» Activity
Return exactly, please, the lines from the one containing "New 2026 Porsche Macan image 35" to the last line of the entries below, and nothing else, leaving pictures out.

Provided records START

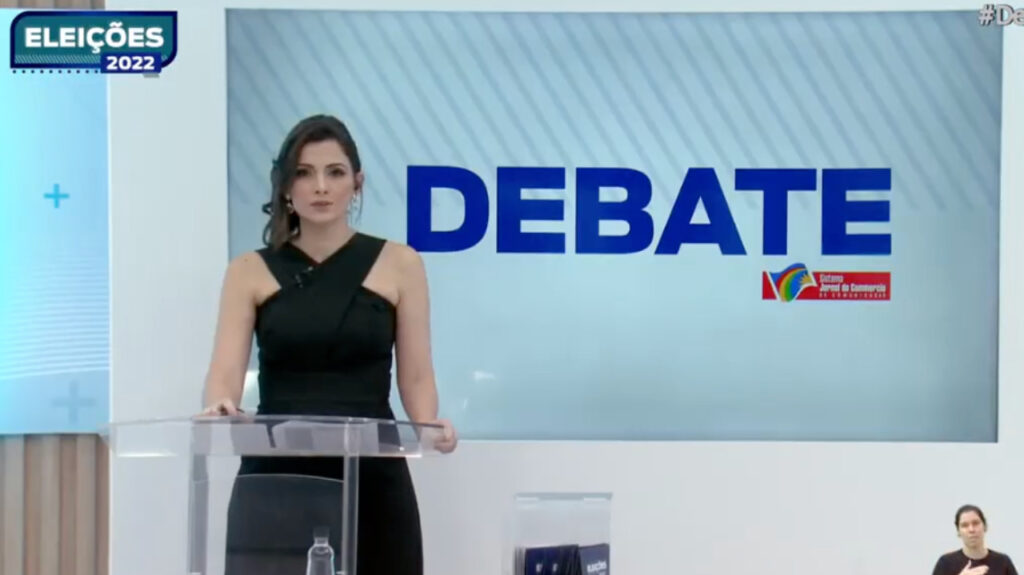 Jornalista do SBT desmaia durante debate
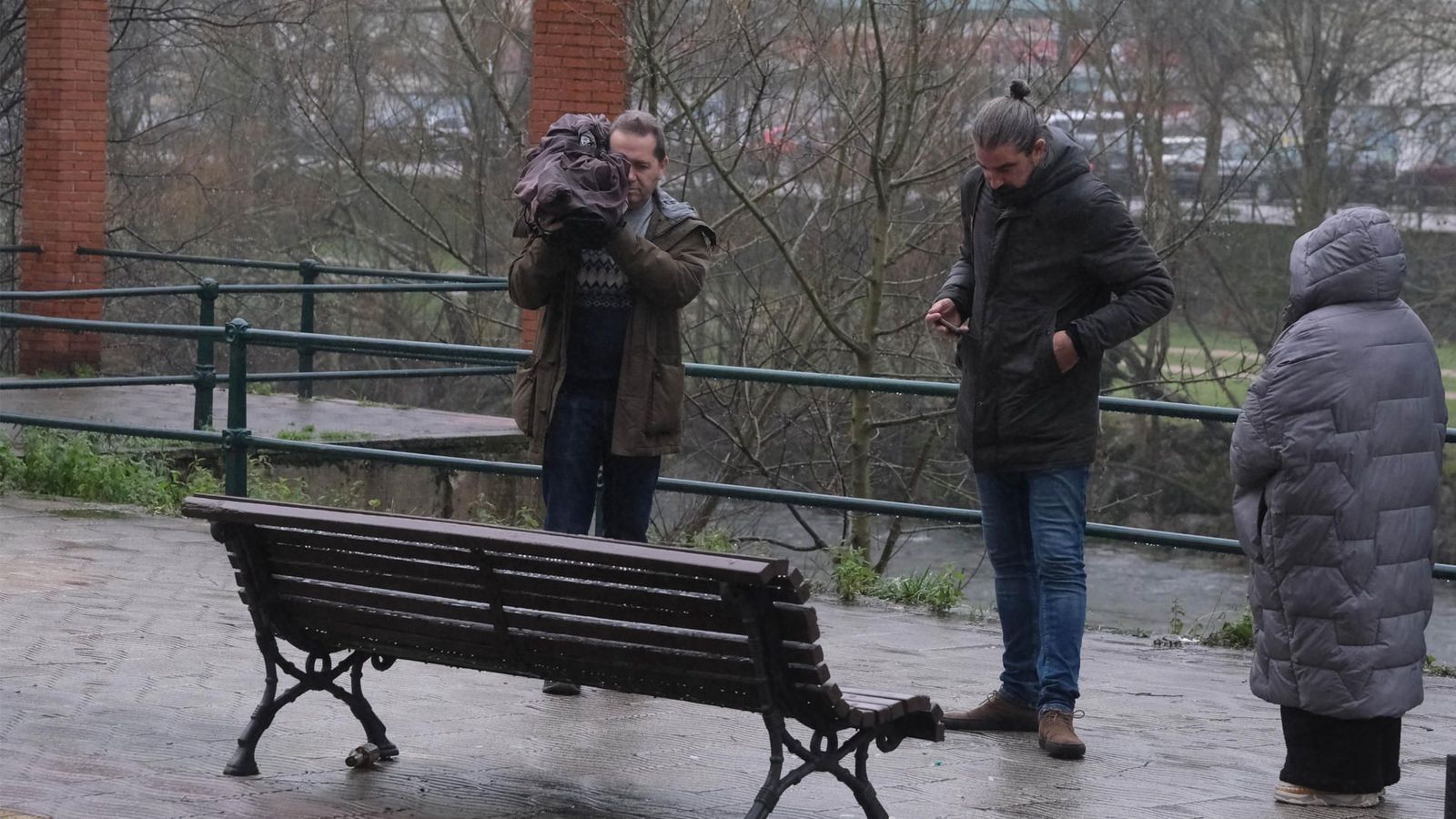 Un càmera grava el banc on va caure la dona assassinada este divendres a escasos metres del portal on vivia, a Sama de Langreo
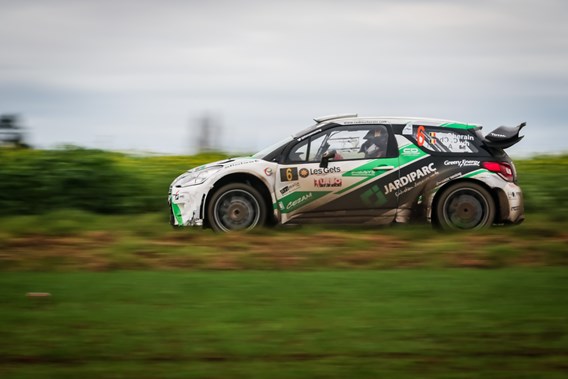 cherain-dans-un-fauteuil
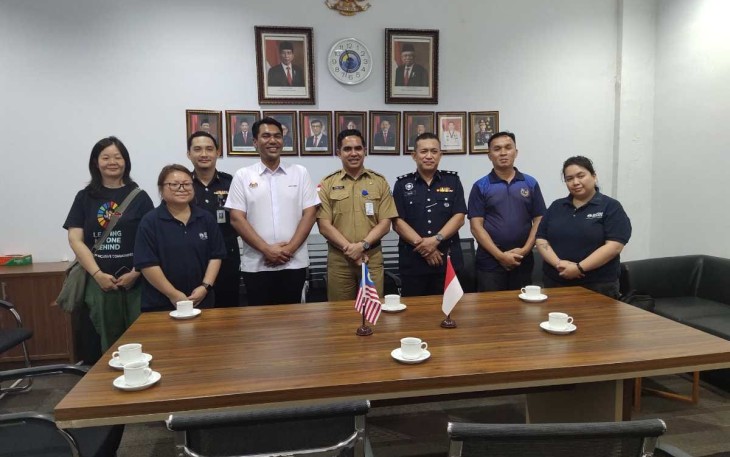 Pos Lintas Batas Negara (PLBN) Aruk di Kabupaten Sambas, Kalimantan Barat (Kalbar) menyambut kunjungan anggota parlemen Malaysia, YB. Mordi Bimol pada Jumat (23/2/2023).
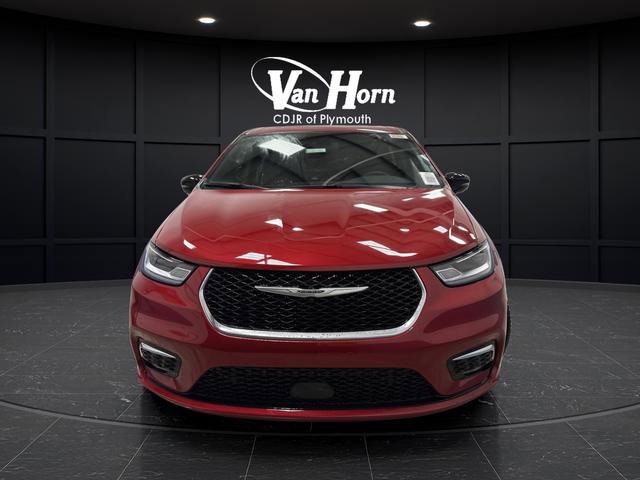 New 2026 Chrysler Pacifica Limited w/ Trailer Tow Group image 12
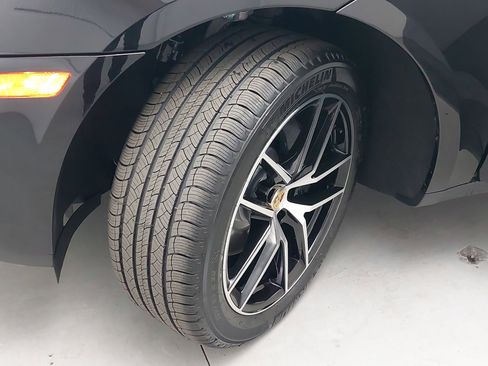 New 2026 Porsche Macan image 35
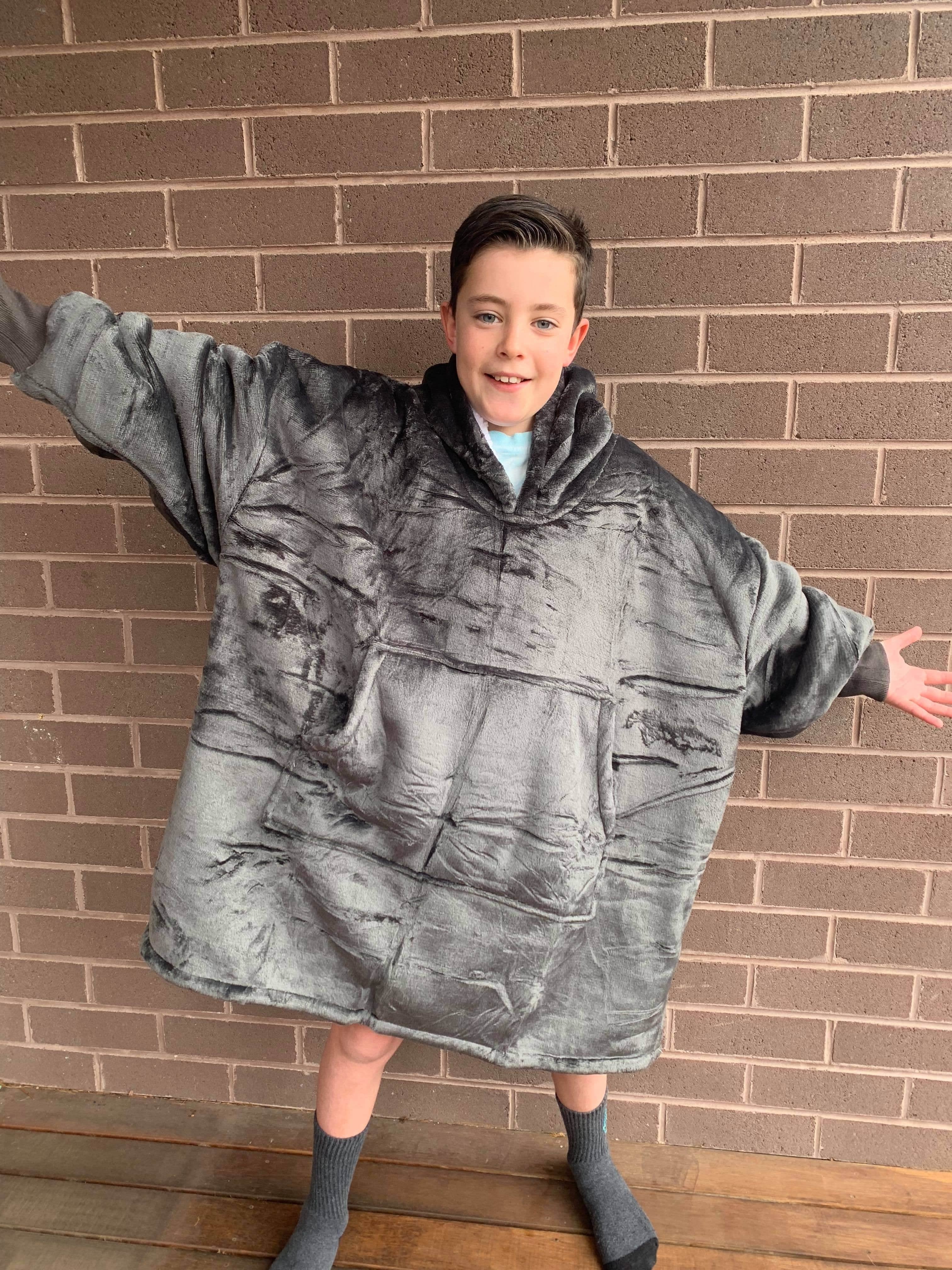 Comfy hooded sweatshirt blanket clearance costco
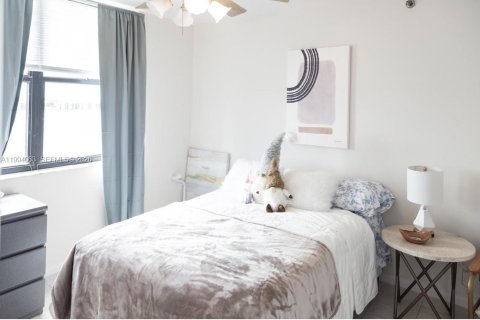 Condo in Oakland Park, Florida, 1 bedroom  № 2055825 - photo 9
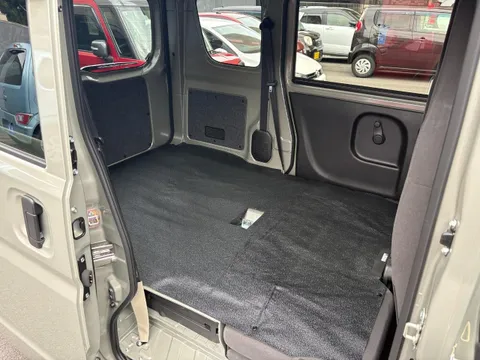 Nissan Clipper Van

Provided records END

» Task response
 New 2026 Porsche Macan image 35
 Comfy hooded sweatshirt blanket clearance costco
 Condo in Oakland Park, Florida, 1 bedroom  № 2055825 - photo 9
 Nissan Clipper Van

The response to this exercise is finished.